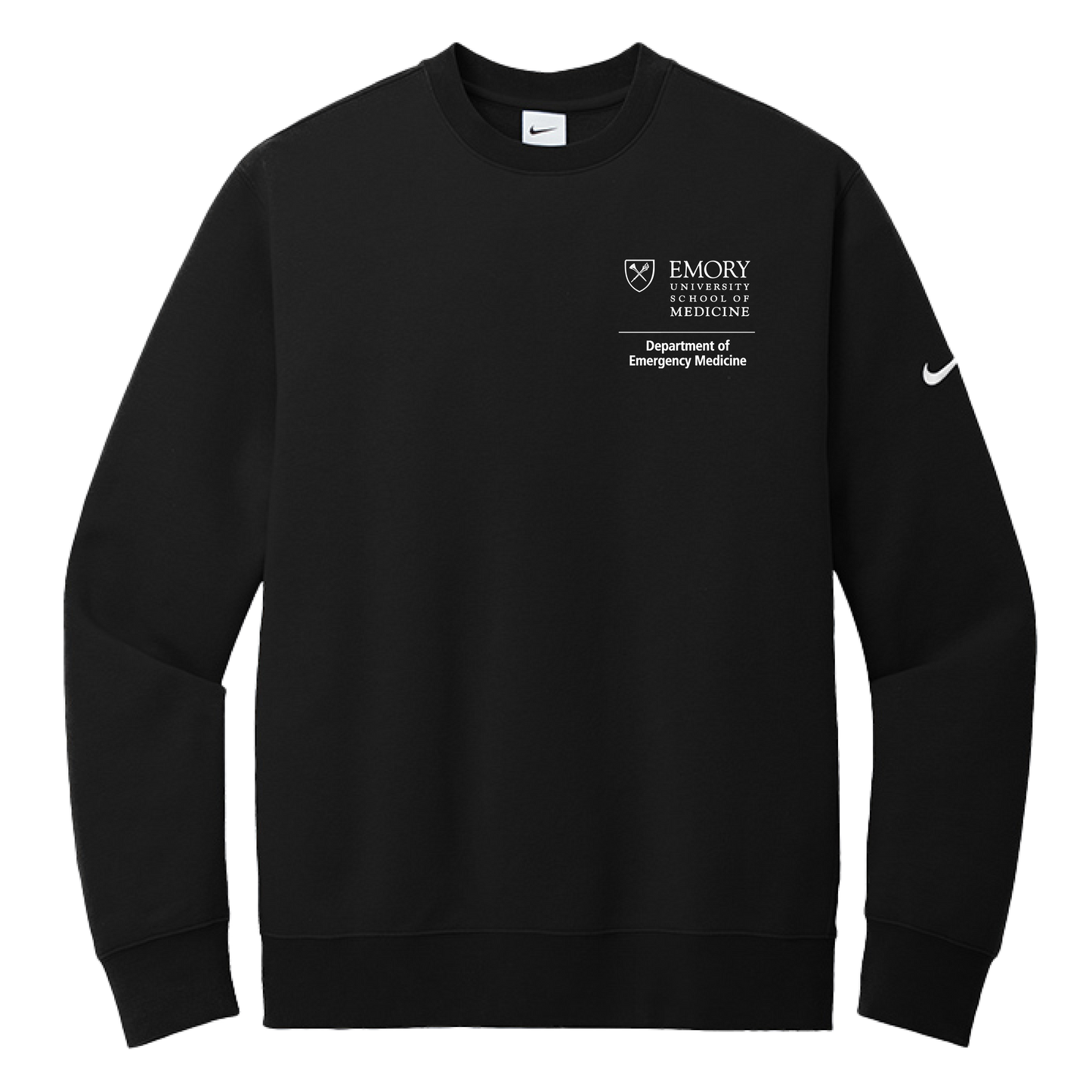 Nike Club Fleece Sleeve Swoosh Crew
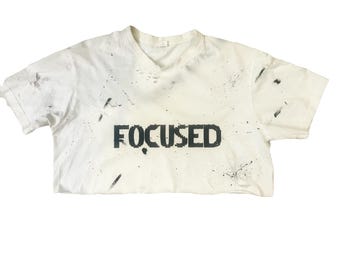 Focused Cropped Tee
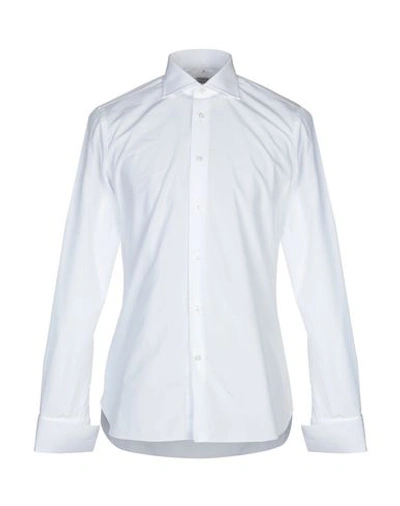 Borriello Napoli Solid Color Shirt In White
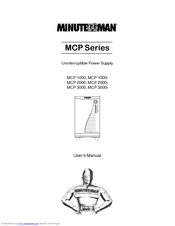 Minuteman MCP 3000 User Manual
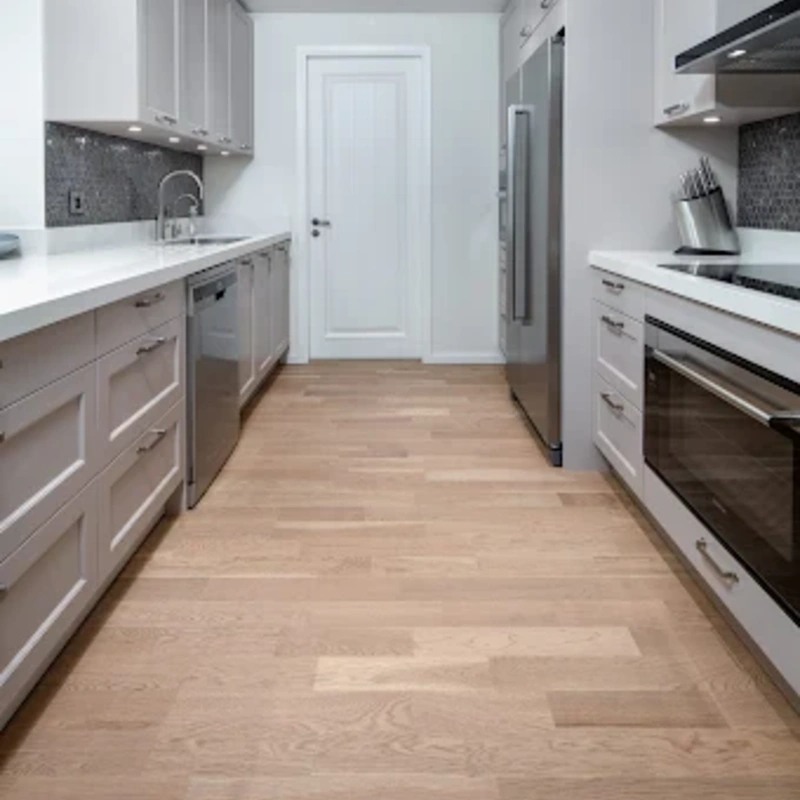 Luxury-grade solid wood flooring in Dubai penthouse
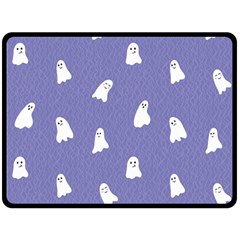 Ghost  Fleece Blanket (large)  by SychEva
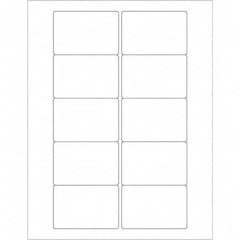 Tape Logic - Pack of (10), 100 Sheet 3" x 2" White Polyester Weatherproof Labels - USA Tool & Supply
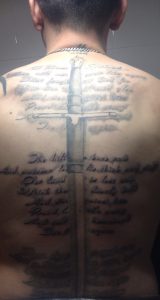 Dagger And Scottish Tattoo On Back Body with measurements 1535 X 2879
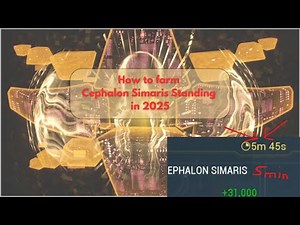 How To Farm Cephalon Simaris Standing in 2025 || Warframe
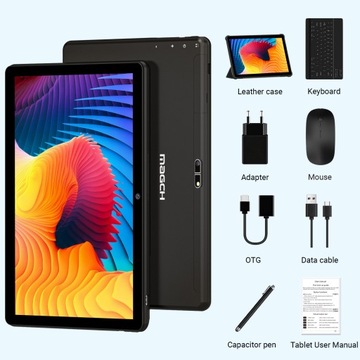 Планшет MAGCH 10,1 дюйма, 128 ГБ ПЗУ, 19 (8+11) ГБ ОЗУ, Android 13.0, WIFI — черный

----

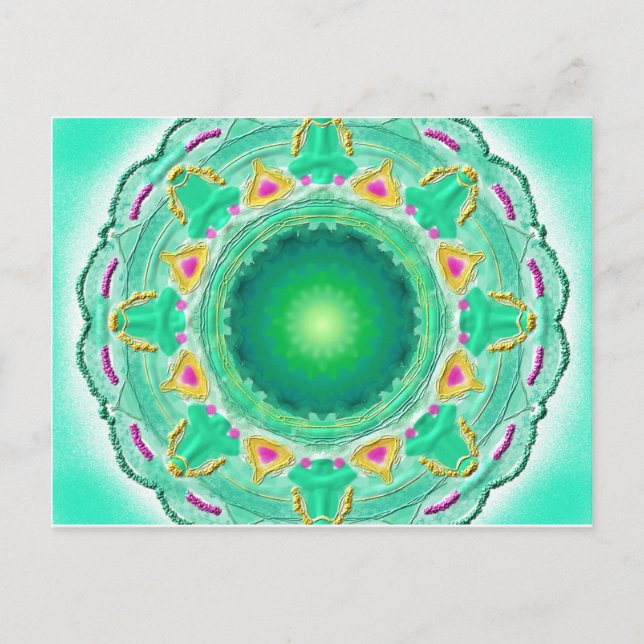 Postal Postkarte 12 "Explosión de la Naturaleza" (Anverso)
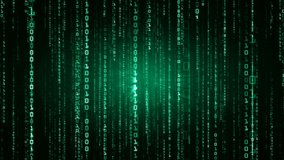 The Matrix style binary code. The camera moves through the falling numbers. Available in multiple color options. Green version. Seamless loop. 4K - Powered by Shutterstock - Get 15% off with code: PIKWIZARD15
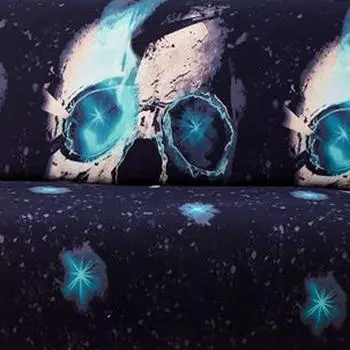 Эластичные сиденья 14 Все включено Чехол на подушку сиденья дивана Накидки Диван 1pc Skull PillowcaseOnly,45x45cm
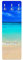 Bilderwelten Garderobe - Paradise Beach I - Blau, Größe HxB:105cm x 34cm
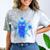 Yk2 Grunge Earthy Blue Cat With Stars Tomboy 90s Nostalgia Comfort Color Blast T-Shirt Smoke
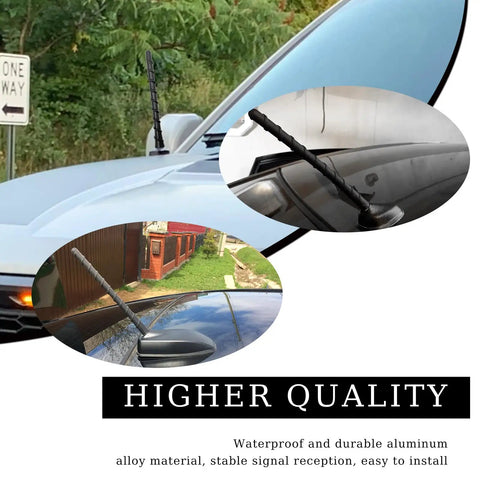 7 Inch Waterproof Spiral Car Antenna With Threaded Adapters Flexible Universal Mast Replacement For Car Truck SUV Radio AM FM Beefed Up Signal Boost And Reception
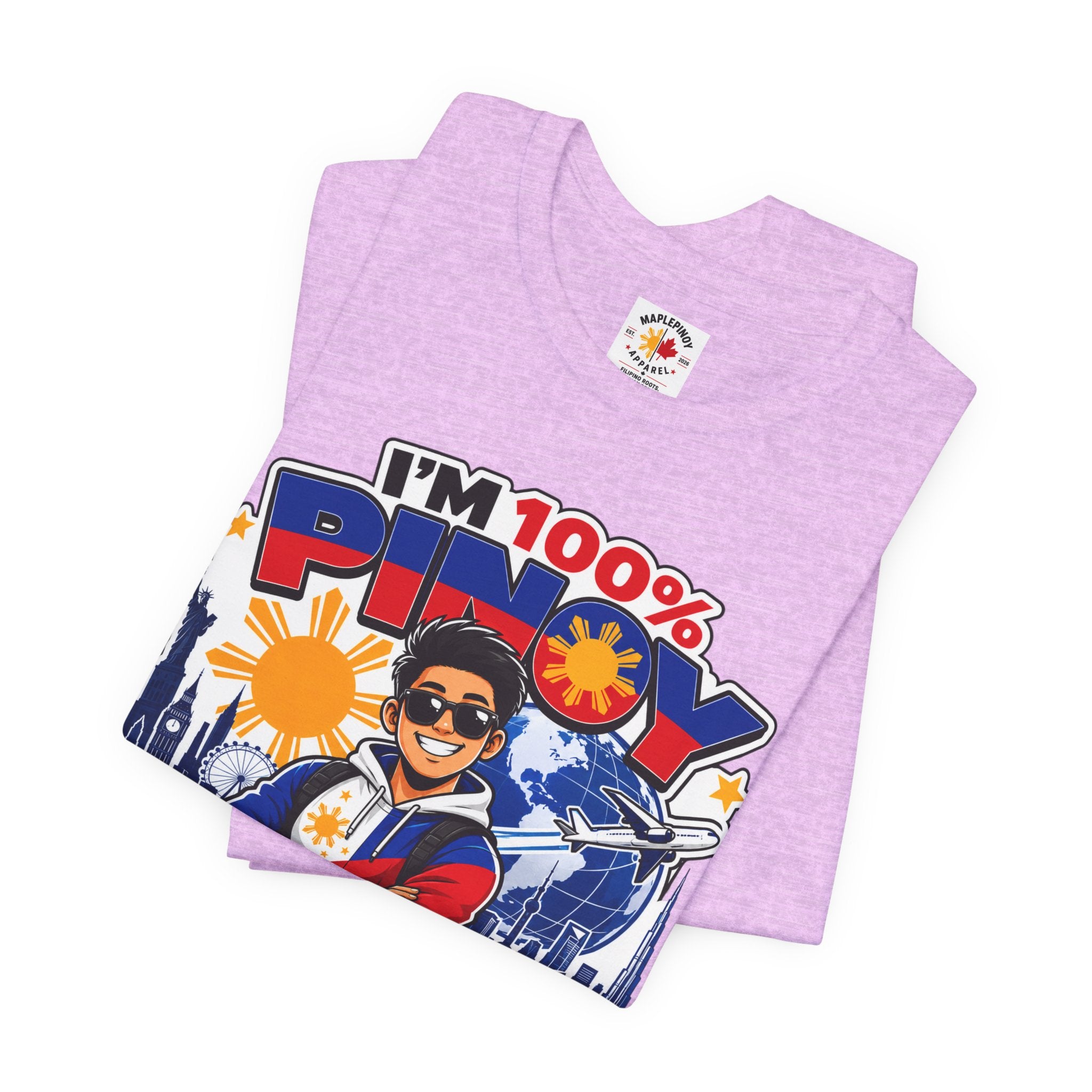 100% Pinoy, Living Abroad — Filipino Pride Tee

----

▸ **TASK PROMPT**
Above are the records. Copy word for word only their lines from the one holding "Nike Club Fleece Sleeve Swoosh Crew" through the one holding "Планшет MAGCH 10,1", both included, and skip the images.

▸ **RESULT OF THIS TASK**
 Nike Club Fleece Sleeve Swoosh Crew
 Focused Cropped Tee
 Borriello Napoli Solid Color Shirt In White
 Minuteman MCP 3000 User Manual
 Luxury-grade solid wood flooring in Dubai penthouse
 Ghost  Fleece Blanket (large)  by SychEva
 Tape Logic - Pack of (10), 100 Sheet 3" x 2" White Polyester Weatherproof Labels - USA Tool & Supply
 Dagger And Scottish Tattoo On Back Body with measurements 1535 X 2879
 How To Farm Cephalon Simaris Standing in 2025 || Warframe
 Планшет MAGCH 10,1 дюйма, 128 ГБ ПЗУ, 19 (8+11) ГБ ОЗУ, Android 13.0, WIFI — черный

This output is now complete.